Your instructions ▸
Without the pictures, print the lines from the one holding "Used 2017 Chrysler" through the last line below, both included, exactly as they stand.

Top of Data under study

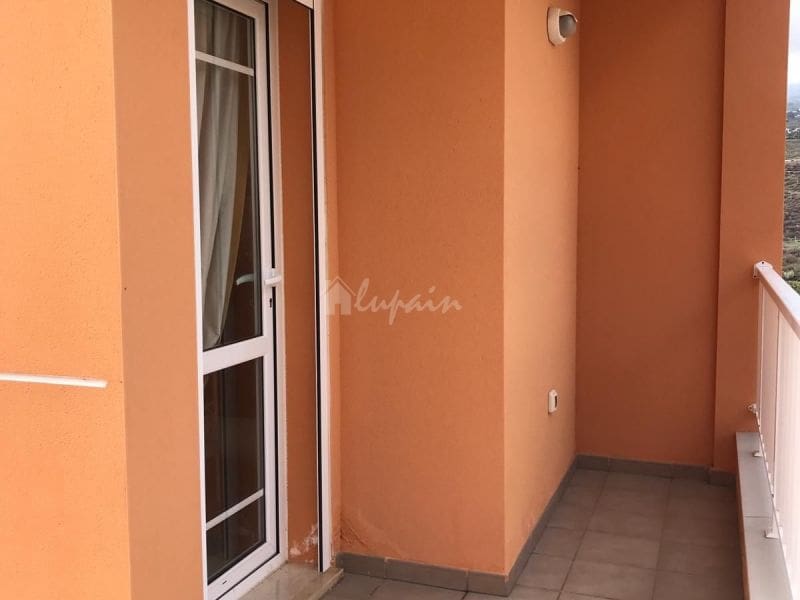 4 Zimmer Haus zu verkaufen in Los Cristianos mit Pool Garage - 750.000 € (Ref: 10001263)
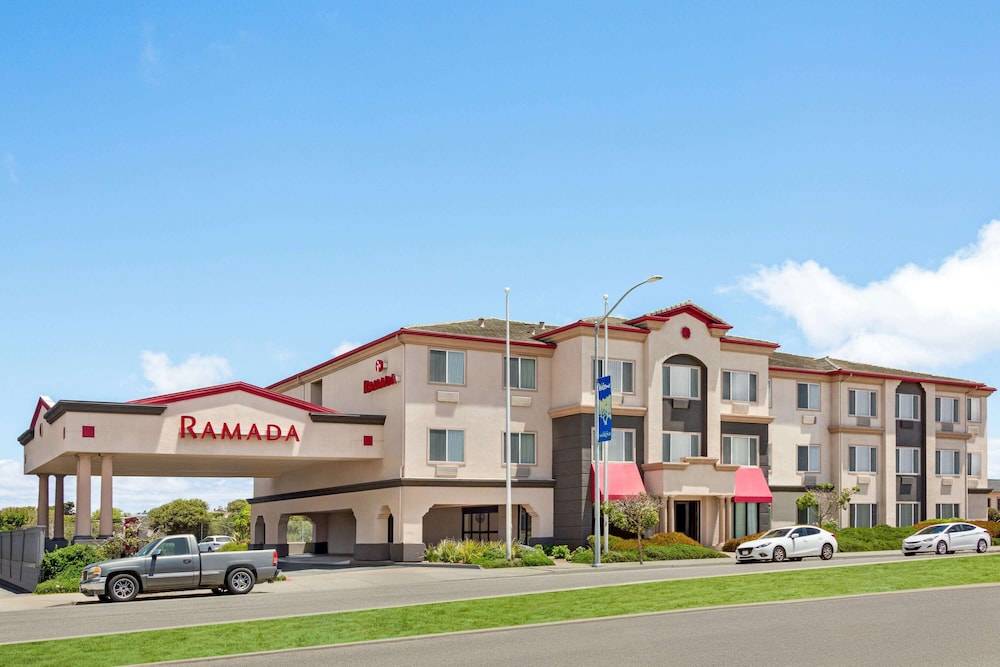 Ramada by Wyndham Marina 1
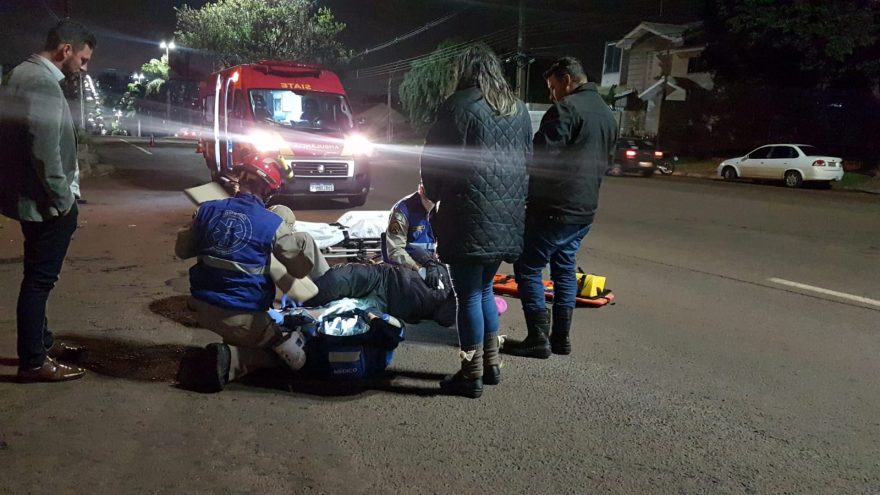 Motociclista sofre fratura em colisão na Avenida Brasil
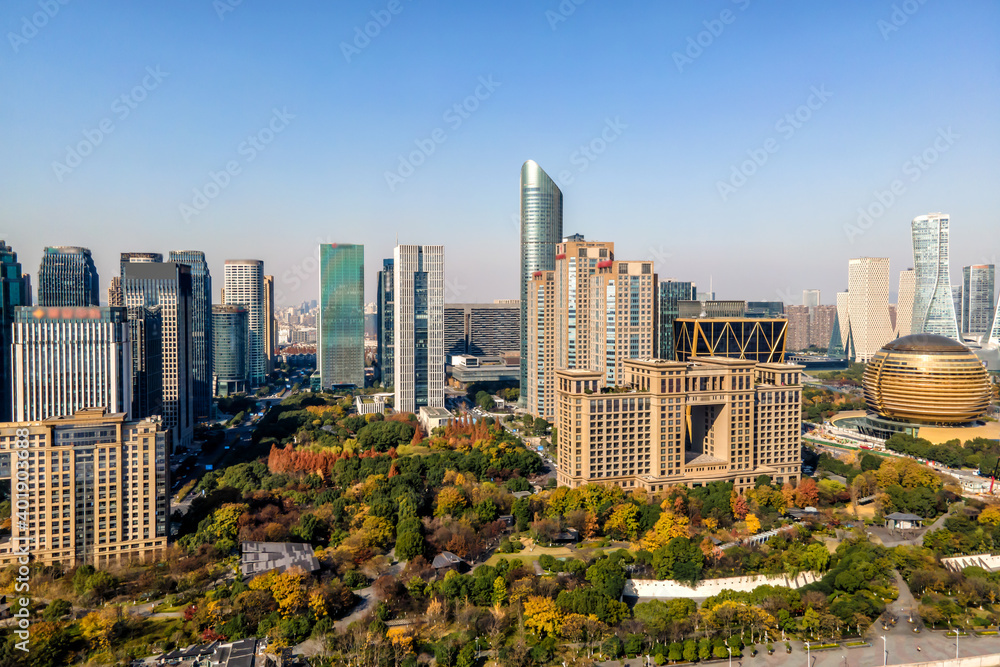 航拍中国杭州现代城市建筑景观的天际线。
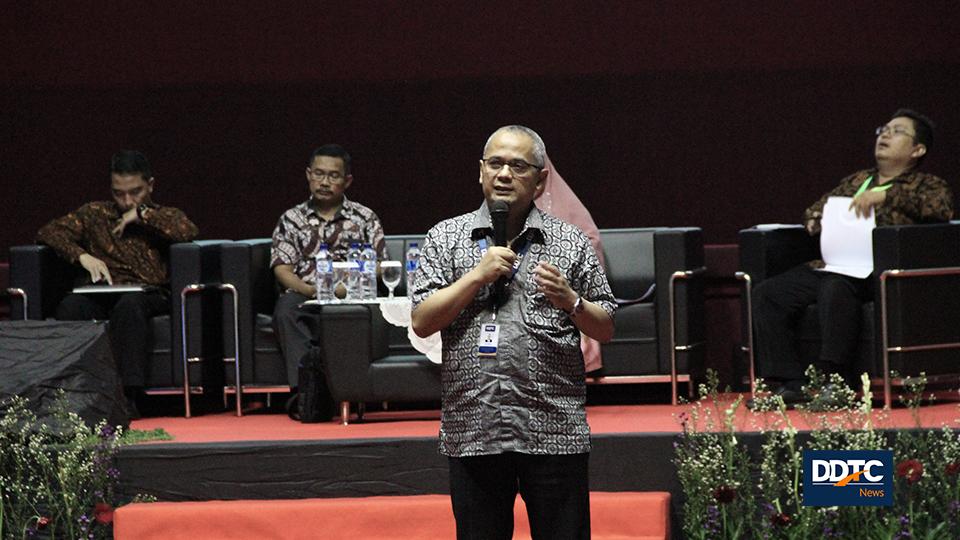 Managing Partner DDTC Darussalam yang mewakili Ikatan Akuntan Indonesia (IAI) Kompartemen Akuntan Pajak (KAPj) sebagai narasumber dalam acara seminar nasional, Kamis (22/3), di Kampus PKN STAN, Bintaro.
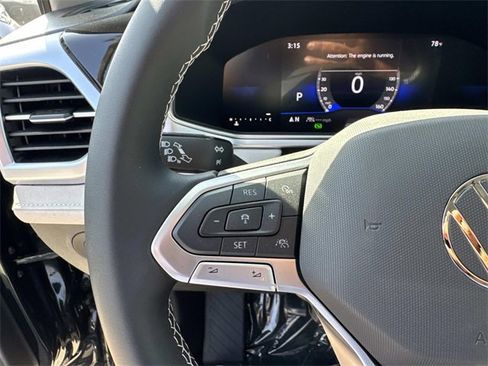 New 2025 Volkswagen Taos SE image 18
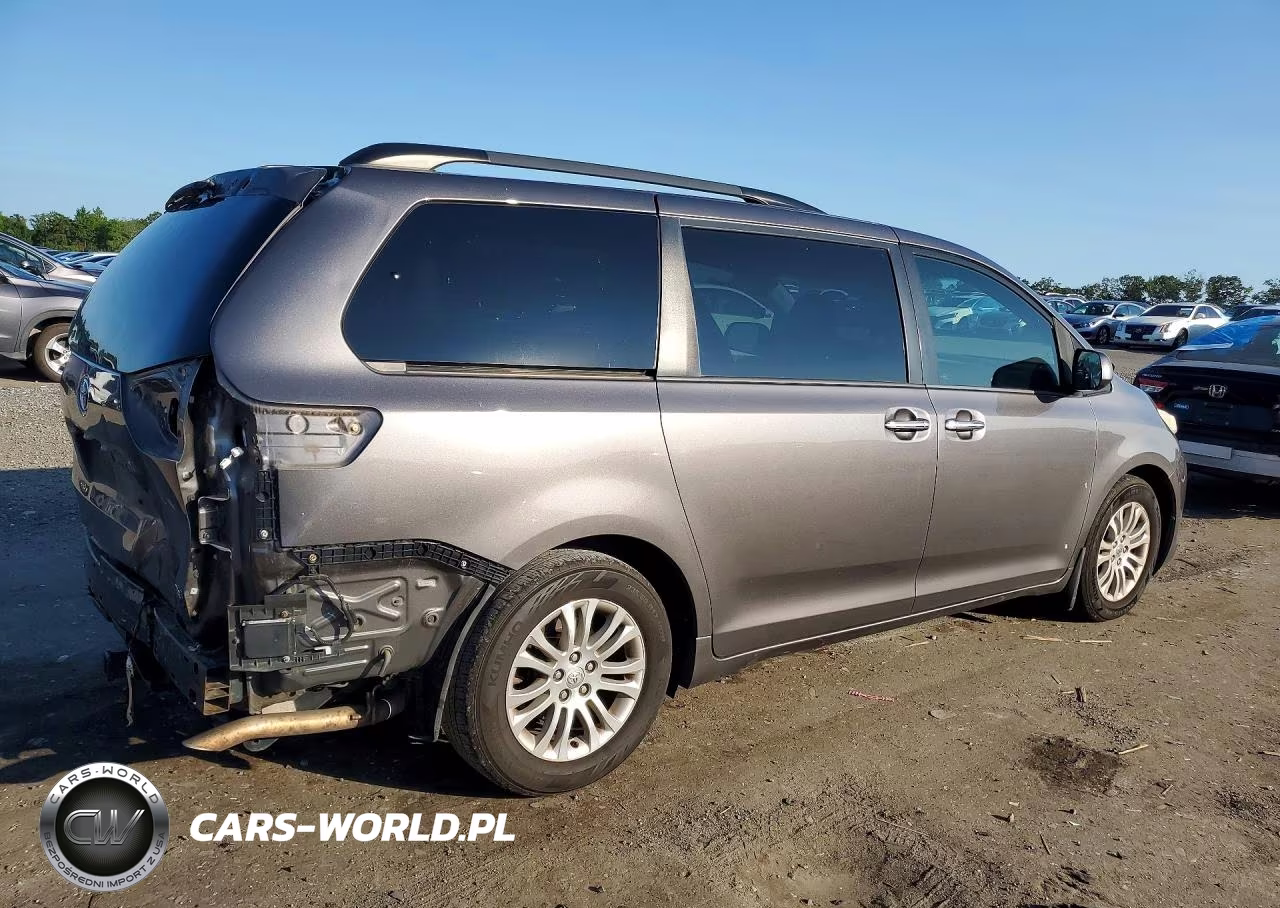 2015 Toyota Sienna Xle 8-Passenger VIN:5TDYK3DC4FS572181 - 3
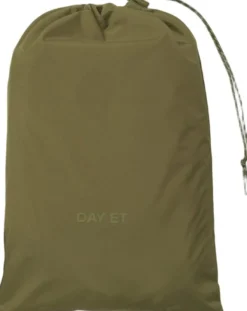 Day RE-No Rain Coat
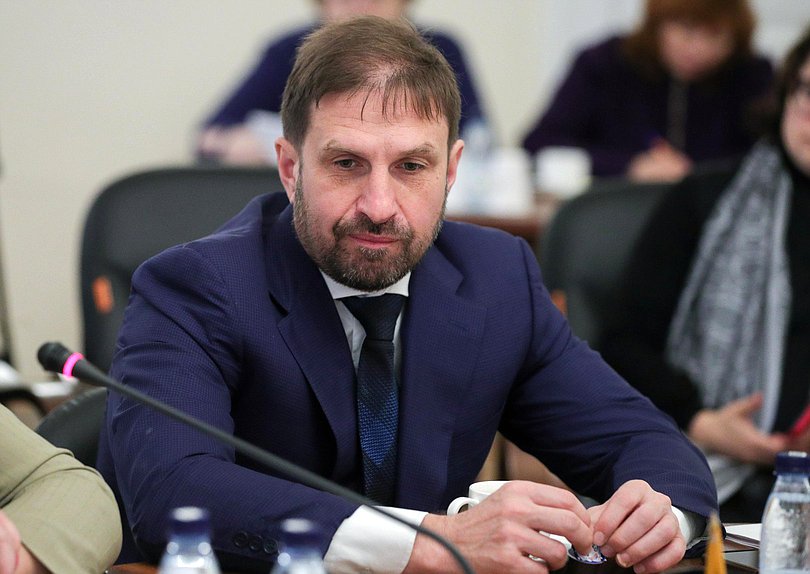 Член Комитета по культуре Дмитрий Кузнецов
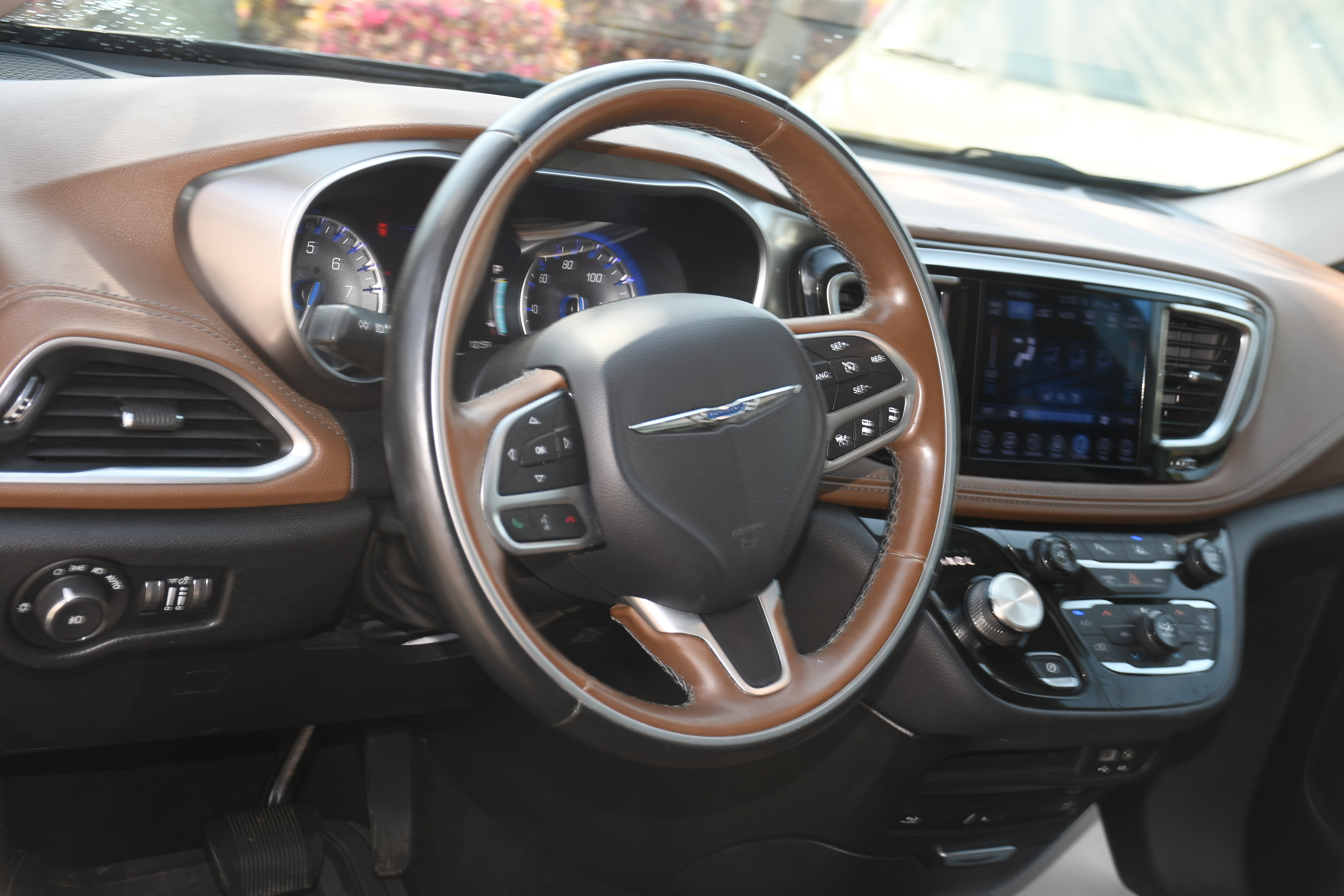 Used 2017 Chrysler Pacifica Limited w/ UConnect Theater Package image 9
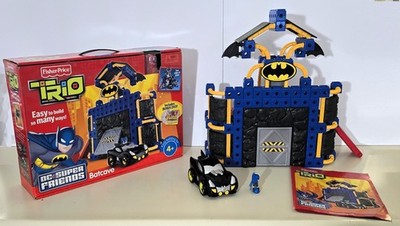 COMPLETE Fisher Price Trio Blocks  DC Super Friends Batcave Batman Set #T-3832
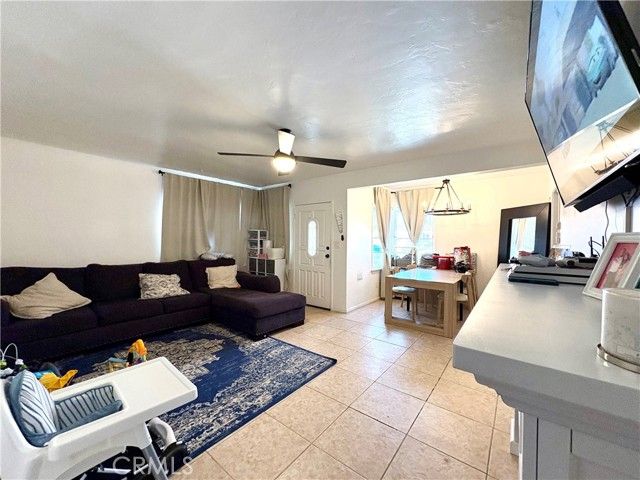 4020 Josephine, Lynwood, CA 90262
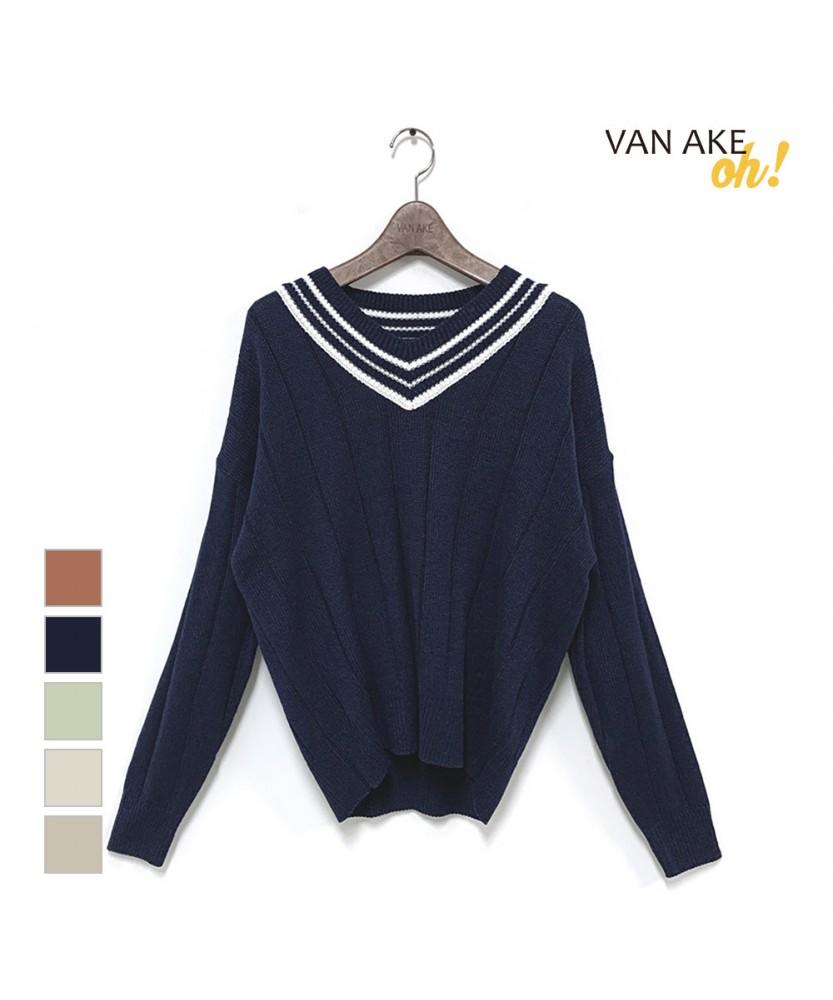 VANAKE Yolo V-Neck Knit_Ob02Knme15Z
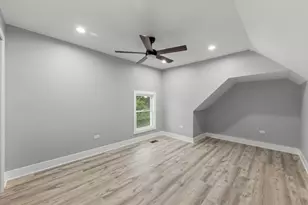 7600 W 60th St, Summit, IL 60501 - Photo 16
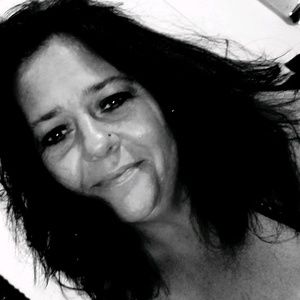 Meet your Posher, Dee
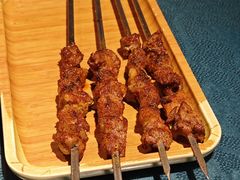 -乡村馕坑肉·烧烤·新疆菜·本地人更爱吃(阿勒泰首店)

Bottom of Data under study

Answer space ▸
 Used 2017 Chrysler Pacifica Limited w/ UConnect Theater Package image 9
 COMPLETE Fisher Price Trio Blocks  DC Super Friends Batcave Batman Set #T-3832
 4020 Josephine, Lynwood, CA 90262
 VANAKE Yolo V-Neck Knit_Ob02Knme15Z
 7600 W 60th St, Summit, IL 60501 - Photo 16
 Meet your Posher, Dee
 -乡村馕坑肉·烧烤·新疆菜·本地人更爱吃(阿勒泰首店)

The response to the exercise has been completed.